Suppress your basic ‘bitchness’ this Halloween

Bobby Shipman

The crisp Autumn air seems to arouse all sorts of seasonal excitement. With Halloween and Thanksgiving just around the corner, people from all walks of life seem to unite as they don fuzzy knit sweaters, baked pumpkin pies and adorn their porches with delightfully tacky decorations of red and yellow leaves and goofy ghouls.

The season also seems to stir up some unique peoples as well:

The adult trick r’ treaters:

“Oh, are you chaperoning? ”


Awkward silence.

The Jesus freaks:

“Halloween is for devil worshippers, sluts and the gays!”

And, the basic bitches:

“Um, like, I would like a pumpkin spice latte. Heavy on the spice, easy on the, like, pumpkin.”

Basic bitches become particularly easy to spot during Fall as they skip around in their UGG boots sipping pumpkin flavored “coffee drinks” and talking about what completely unoriginal costumes they could sport.

“Nu, uh, I’m disco Barbie!”

Sexist term aside, many men show their basic colors this time of year as well.

“I’m not a gladiator, I’m a Spartan, duh!”

If you can recognize these sad specimens, they can be easily avoided. Simply pay attention to people tweeting about watching “Hocus Pocus” as if no one else has ever heard of it before or Instagram-ing photos of dead leaves that have been over-saturated with built-in filters.

Another form of evasion would be to avoid places where they tend to congregate such as Starbucks, Yankee candle and Halloween themed frat parties, where the partygoers think the song “Cannibal” by Ke$ha is appropriate seasonal dance music.

Let’s face it, though, many of us let our basic tendencies run amuck in October. I, for one, am privy to glittery Halloween decorations that make my living room look like Liberace’s walk-in closet.

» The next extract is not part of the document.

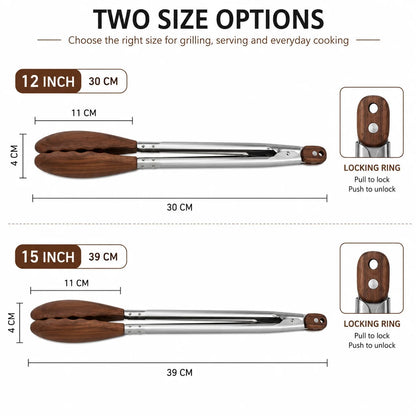 Wooden-Tipped Stainless Steel BBQ Tongs, 12 or 15 Inch, Pull-Ring Lock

To combat these urges, I suggest people derive their Fall-prep from ancient traditions.

Maybe host a divination session in your living room or go all out with a little bit of mumming and guising, which involves singing a song or reciting poetry to a stranger in exchange for food.

Another option could be to, to follow suit with ancient Druidic customs, say a prayer to Samhain, the Lord of Darkness.

There are endless possibilities you can choose from to avoid the mundane experience you have so basically become accustomed to.